Türkiye'nin en büyük riski eksen kaymasıdır

Ekonomik krizlerin dibe vurması, piyasayı ve iktisadi ajanları krizden çıkışa zorlar. Benzer şekilde siyasi, sosyal ve ekonomik riskler toplumun geleceğini tehdit eden bir seviyeye gelirse, sistem kendini onarır.

1-Türkiye'de kuvvetler ayrılığının kaldırılması, yargının yürütmenin emrine girmesi risk boyutunu geçti.

2017 başkanlık rejimi ile, yargıya müdahale arttı. Anayasa Mahkemesi kararları uygulanmadı. Yüksek yargı, bazı siyasi, partilerin de desteği ile kendi arasında tartışmaya girdi. Yargıya güven azaldı. Bunları biz yaşıyoruz ama aynı zamanda bütün dünya da görüp tespit etti.

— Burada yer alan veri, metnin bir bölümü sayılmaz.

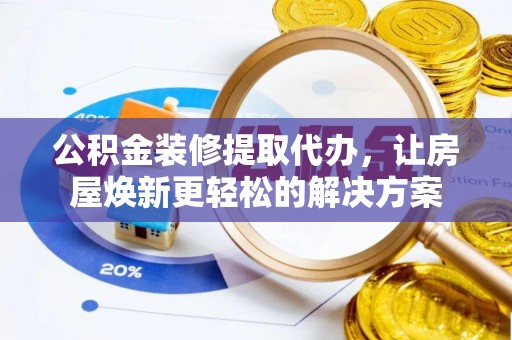 宜川公积金装修提取代办，让房屋焕新更轻松的解决方案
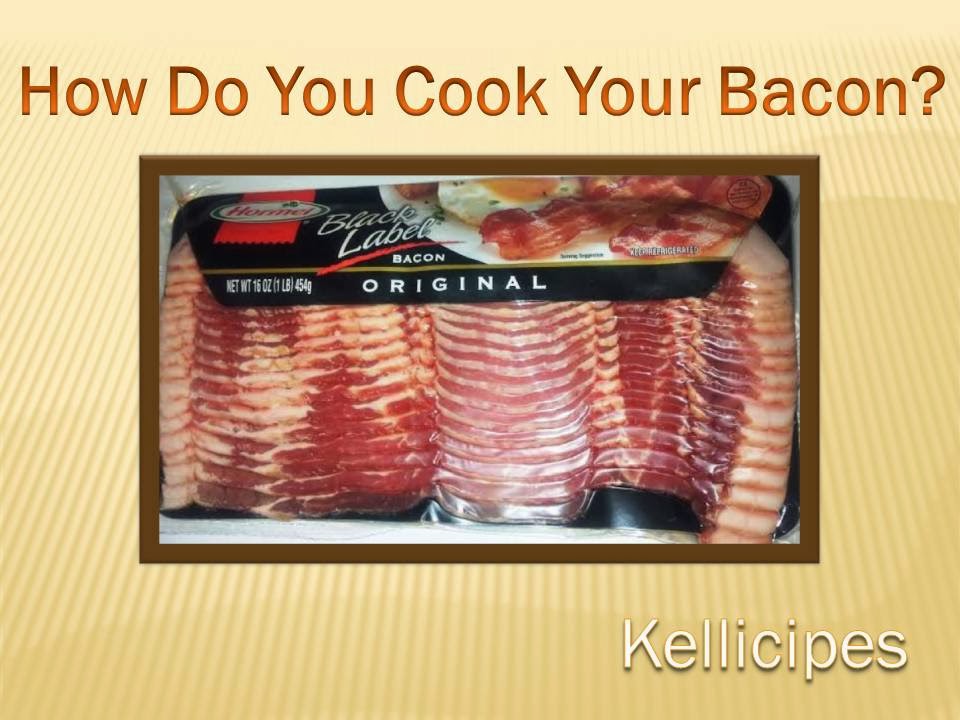 Kellicipes: How Do YOU Cook Your Bacon?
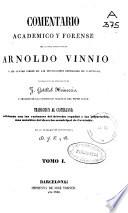 Comentario académico y forense del célebre jurisconsulto Arnoldo Vinnio a los cuatro libros de las Instituciones imperiales de Justiniano: (1846 - XV, 769, 1 h. pleg.)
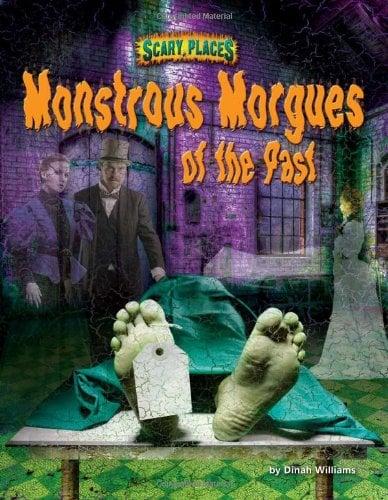 Monstrous Morgues of the Past (Scary Places)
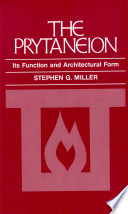 The prytaneion : its function and architectural form /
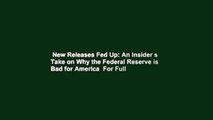New Releases Fed Up: An Insider s Take on Why the Federal Reserve is Bad for America  For Full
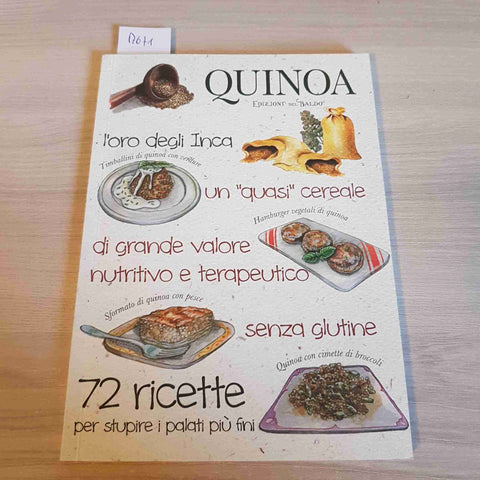 QUINOA - 72 RICETTE PER STUPIRE I PALATI PIU' FINI - EDIZIONI DEL BALDO - 2016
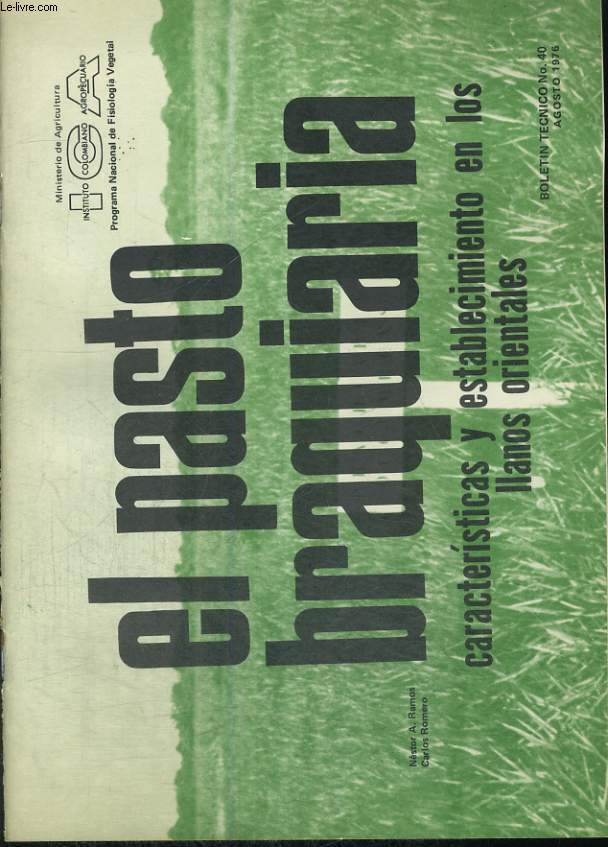EL PASTO BRAQUIARIA. CARACTERISTICAS Y ESTABLECIMIENTO EN LOS LLANOS ORIENTALES. BOLETIN TECNICO N40, AGOSTO 1976.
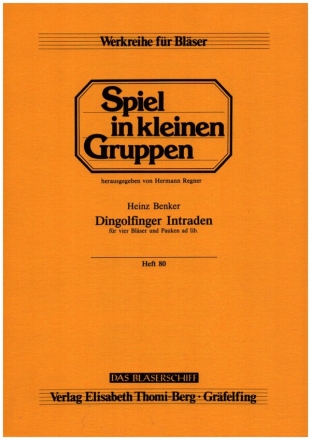 Dingolfinger Intraden fr 4 Blechblser (Pauken ad lib) Partitur und Stimmen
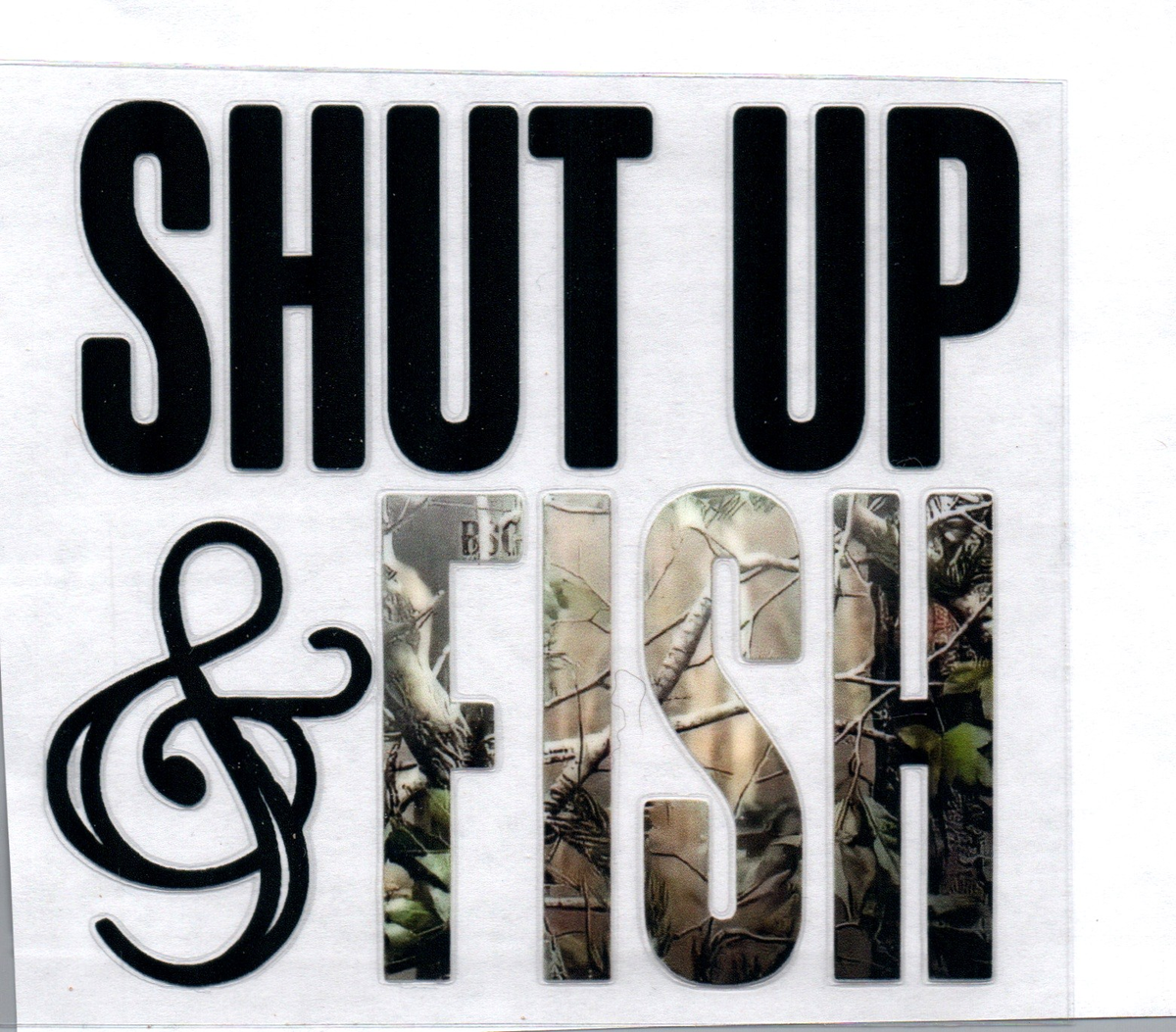 Shut Up & Fish 31 Single Decal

AB raporlarında ve uluslararası resmî ve özel kuruluşlar endekslerinde yer aldı.

3 aydır sonuçlanamayan Yargıtay seçimlerinde, MHP paralelinde Anayasa Mahkemesi'ni suçlayan adayın, AKP tarafından desteklendiği söylenen aday lehine çekilmesi medyada Yargıtay'da Cumhur İttifakı olarak haber oldu. Bu ittifaka tepki olarak Yargıtay Genel Kurulu; daha objektif ve açıkça siyasi taraf olmayan üçüncü adayı seçti.

2-Bir diğer risk hibrit demokrasiden otokrasiye geçiştir.

The Economist, Ocak 2023 ayında Türkiye'yi kapak yaptı. Türkiye'de demokrasinin son derece kusurlu olduğunu, seçim yaklaşırken Erdoğan'ın davranışlarının ülkeyi diktatörlüğün eşiğine götürebileceğini söyledi.

Tarihte zor zamanlar, gerçek liderler yaratmıştır.

Türkiye'de bu zor şartlar, Ekrem İmamoğlu'nu doğurdu. CHP'de değişim gerçekleşti. Halk zor şartlardan etkilendi ve yerel seçimlerde siyasi iktidara dur dedi.

Bu sürecin tamamlanması için Türkiye'nin yeniden parlamenter sisteme dönmesi gerekiyor.

3-Teokrasi riski var ama Türkiye şeriat devleti olmaz.

Kadir Has Üniversitesi'nin 2022 araştırmasına göre, kendini siyasi İslam olarak tanımlayanların oranı yüzde 8,9 dur. Siyasi İslam, şeriat getirmek için siyaset yapanları ifade ediyor. Bu kesim hâlihazırda devlet yönetiminde de etkilidir.

Meclis'te AKP adına konuşan AKP grup başkan vekili de; "Kültür devrimi olarak cumhuriyet bizim alfabemizi, dilimizi, bütün düşünmemizi yok etmiştir." demişti.

Siyasi iktidar oy potansiyeli olarak bu kesimi idare etmek zorunda kalıyor. Bu nedenle tavizler veriyor. Ancak Türk halkı Batı demokrasisini tanıdı, Atatürk devrimlerini yaşadı. İran, Afganistan halkı gibi Türk halkının şeriata evet demesi mümkün değildir.

4-Türkiye'nin önündeki en büyük risk eksen kaymasıdır;

Türkiye'nin 200 yıldır hedefi olan Batı'dan koparılması ve diktatörler topluluğu olan Şanghay İş Birliği Örgütü'ne sokulması eksen kayması demektir. Cumhurbaşkanı 2022 sonunda hedefin bu örgüte üyelik olduğunu açıklamıştı.